I have just bought a lovely double cat house & run ( Ebay 320266047898 ) but it needs lining and insulating and I have no idea what I need to buy to do it.

Anyone know any companies which sell the required stuff?

Thanks 

xx


----------



## Siamese Kelly (Jan 6, 2008)

Toby & Darwin-you could use old quilts or new ones-they are great for insulating and noise reduction-or the yellow stuff(dunno what it's called as my OH does all that)which you can buy at any building material shop


----------



## felineadorer (Jun 12, 2008)

T&D

If you find any useful info you might post it on here as I'm interested doing the same for my cat's house !

Thanks!!!


----------



## Toby & Darwin (May 26, 2008)

Yes I will pass on anything I find.

I am at a loss at the moment though as no one seems to have any ideas.

I am looking for it to be easy to clean and keep as germ free as possible.

I have seen other houses with white insides and would ideally like that for mine but I don't know where to get it from.


----------



## felineadorer (Jun 12, 2008)

If I find anything I'll pass it on too 

Does the cat house have a flap? - that will really help in keeping out wind and rain.
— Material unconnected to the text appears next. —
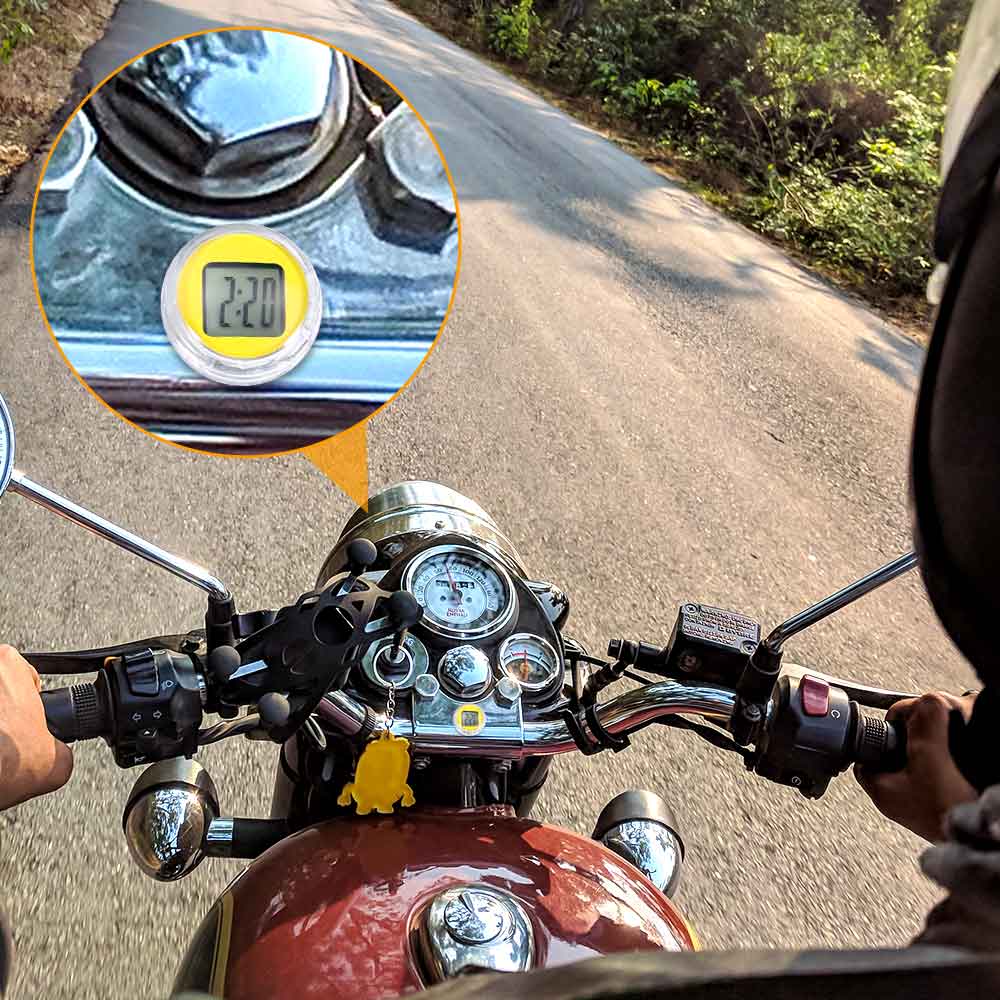 Mini Precision Motorcycle Clock Waterproof Compact Motorcycle Mount Adhesive Watch Moto Digital Clock With Stopwatch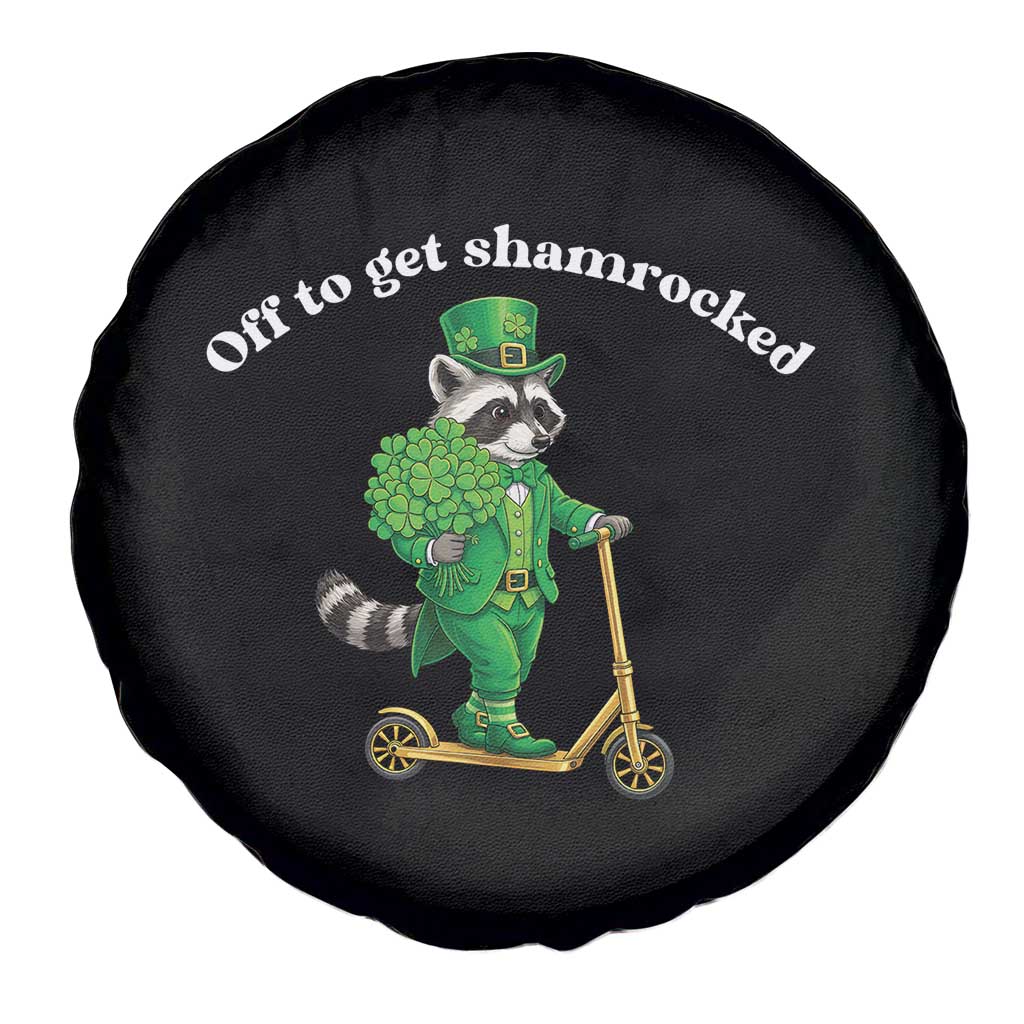 Funny Raccoon St Patricks Day Meme Spare Tire Cover Off To Get Shamrocked TS14 Print Your Wear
I'm ordering one for mine so hopefully will have it next week.

Will your cat primarily be living outside ?


----------



## Toby & Darwin (May 26, 2008)

Yes the houses have cat flaps on them to let the cats out into the runs.
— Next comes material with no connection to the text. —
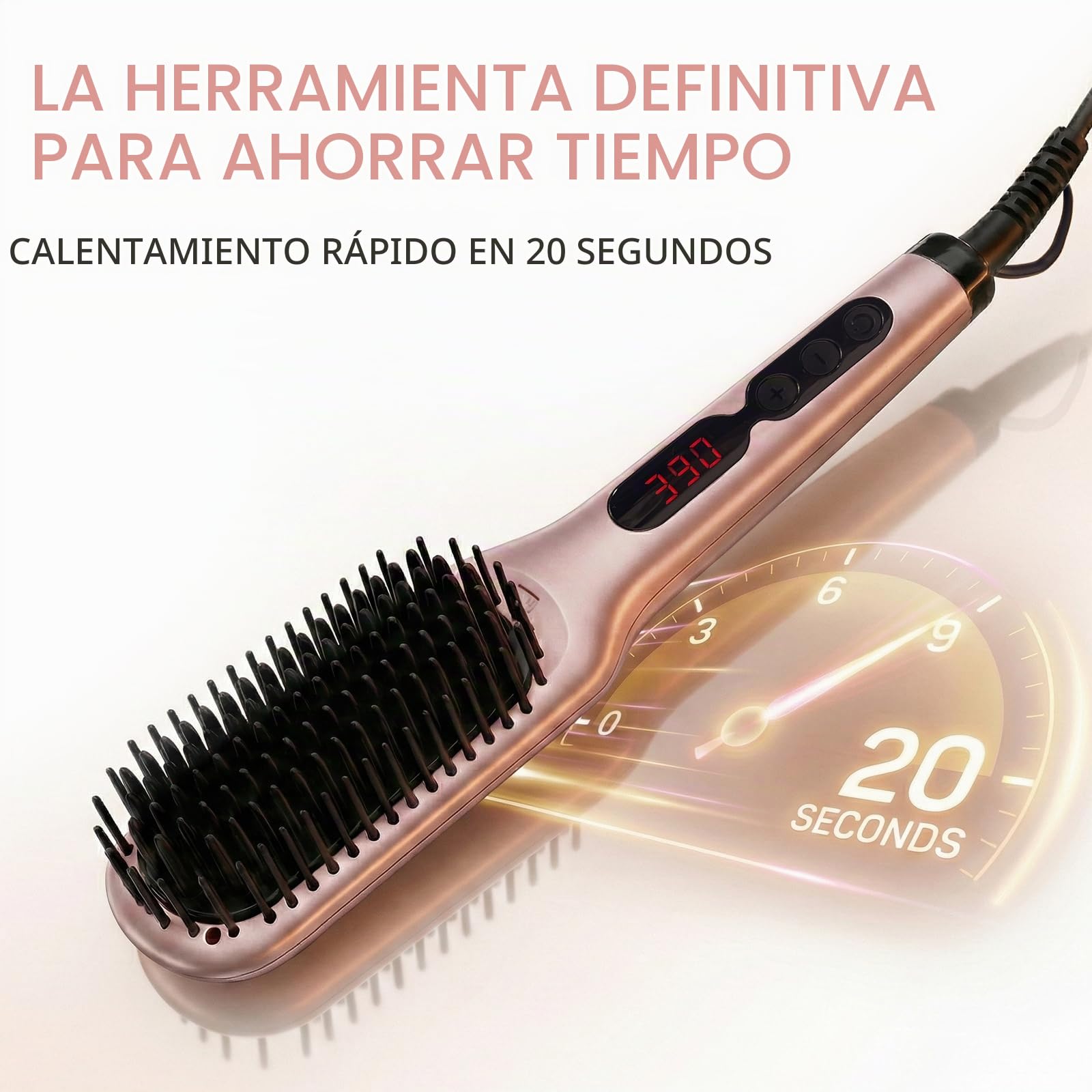 Cepillo Alisador de Cabello, Peine Alisador para Todo Tipo de Cabello con Dientes de Calentamiento Nano, Tecnología de Doble Anión, MCH 20s Calentamiento Rápido y Apagado Automático de 60 Minutos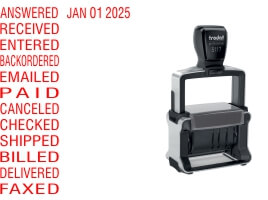 Trodat 5117 Dial-A-Phrase date stamps have a 5/32" tall date, 10+ years, multiple phrases, 8 ink colors to choose from. Free Shipping. No Sales Tax - Ever!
The cats are not going to live permanently in them but more of a respite home for them so we don't get over run!!


----------



## Selk67U2 (May 5, 2008)

*Hi Hazel, I want the white wash down stuff for my cat houses, I can only find it abroad I am gonna email someone who made my kitten pen as that has the same stuff on the inside of it and he lives in London, so gonna ask where he gets it from*


----------



## may (Nov 2, 2007)

Mine are insulated with fiberglass and then covered with white face hardboard
Works a treat and keeps the Cat house toasty warm


----------



## Selk67U2 (May 5, 2008)

*Oooo, that sounds good May, where did you get it from ?*


----------



## Toby & Darwin (May 26, 2008)

Some good ideas, any links would be great when you have them.
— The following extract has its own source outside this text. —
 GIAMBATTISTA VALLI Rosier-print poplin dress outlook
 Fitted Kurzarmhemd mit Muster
I will let you know if I find anything else


----------



## felineadorer (Jun 12, 2008)

Yes thanks for the ideas !


----------



## rottiesloveragdolls (Nov 2, 2007)

*have you thought about thick polystyreen as Insulation and coverd boarding thats what i have in one of mine as it keeps warm in winter with heating, and cool in summer and it reduces noise? *


----------